[Extracted material Boundary: Start]
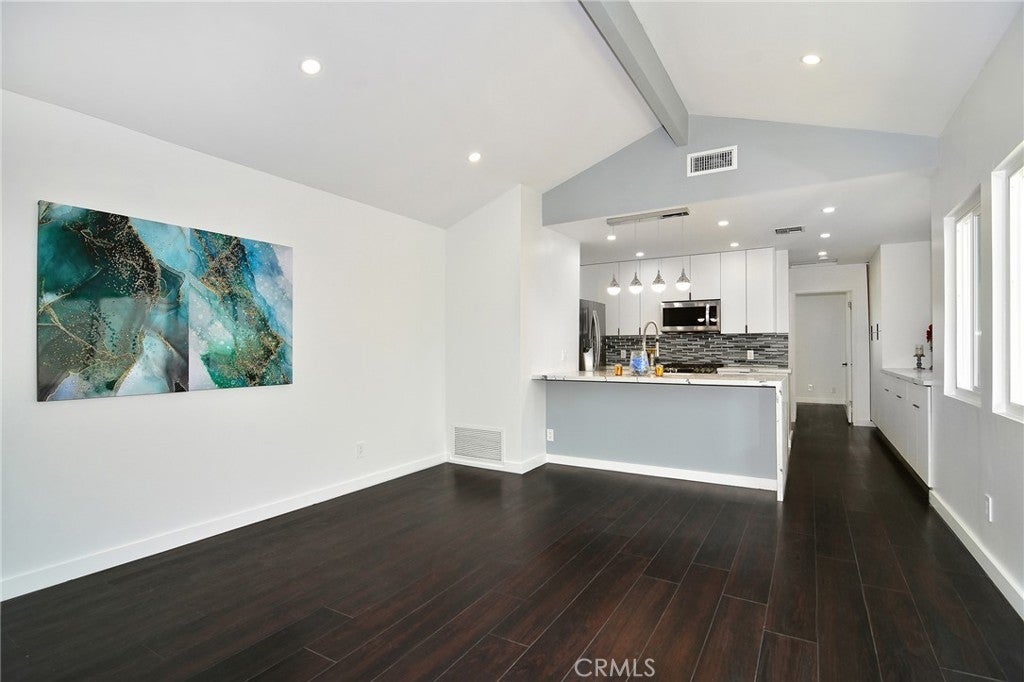 Photo of Listing #SR26031038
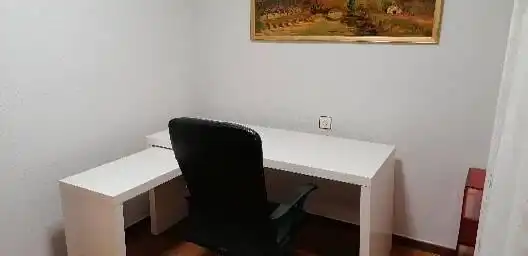 Wohnung zur Miete in Terradillos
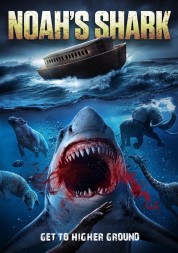 Watch free Noah’s Shark HD online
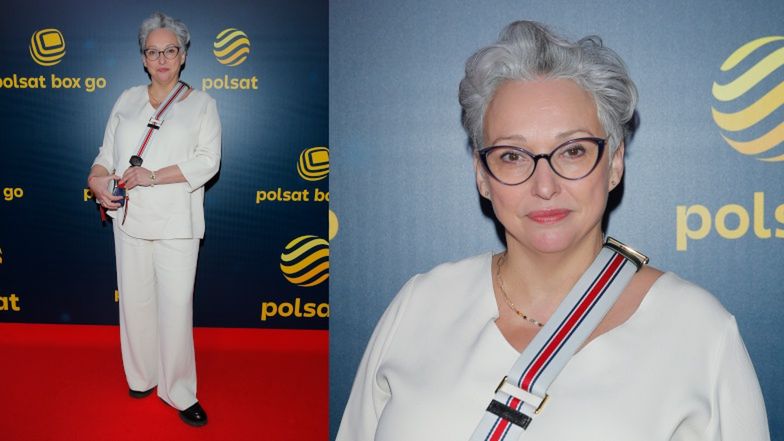 Wiosenna ramówka Polsatu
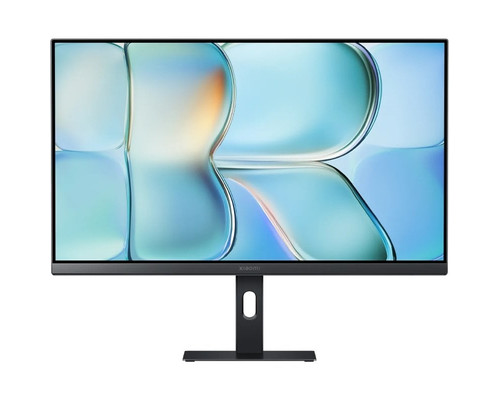 MONITOR XIAOMI A24I 2026 MONITOR XIAOMI A24I 2026
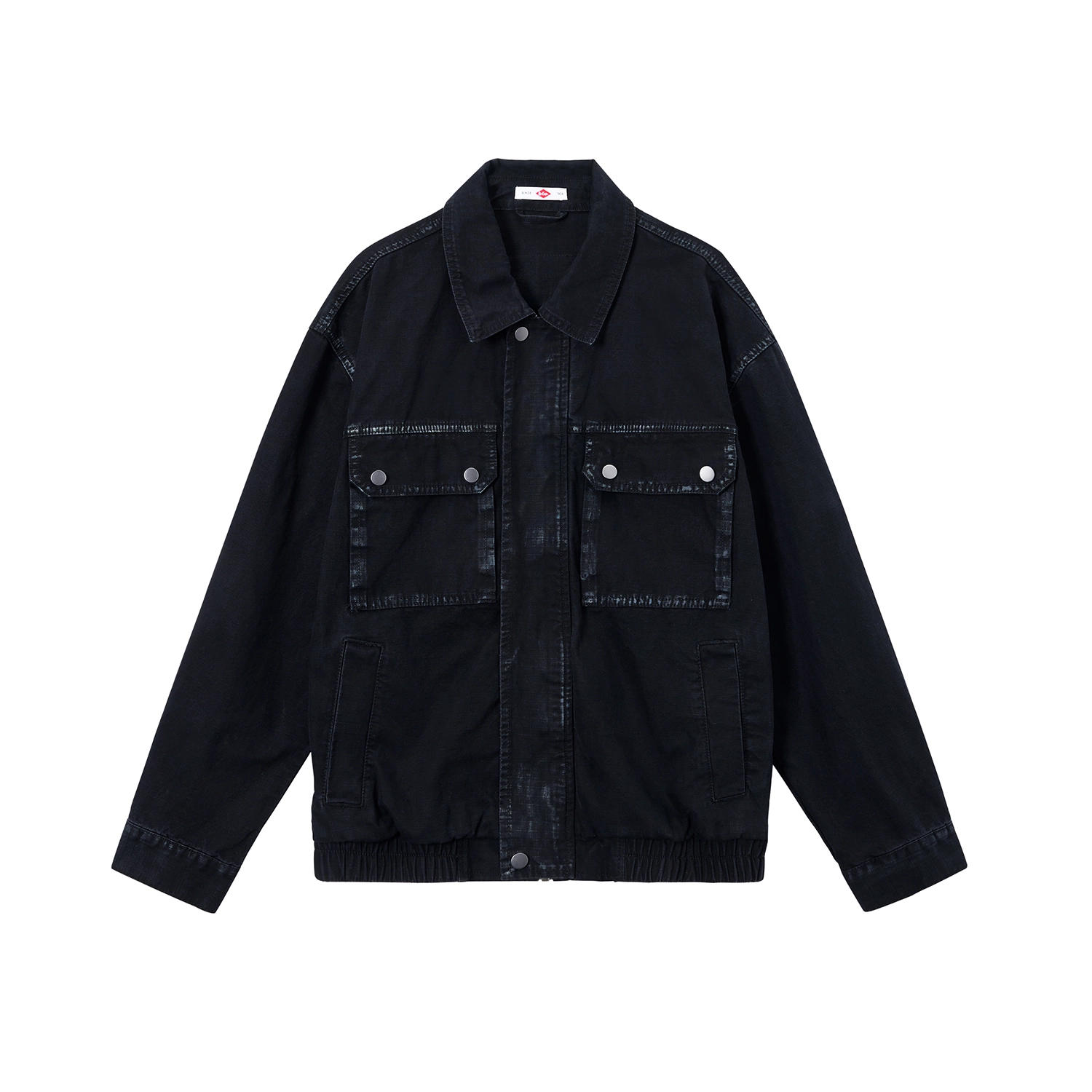 Lee Cooper 2025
[Extracted material Boundary: End]
→ **Task description**
Each record above needs to be copied exactly, with images left out.

→ **Result for this task**
 Photo of Listing #SR26031038
 Wohnung zur Miete in Terradillos
 Watch free Noah’s Shark HD online
 Wiosenna ramówka Polsatu
 MONITOR XIAOMI A24I 2026 MONITOR XIAOMI A24I 2026
 Lee Cooper 2025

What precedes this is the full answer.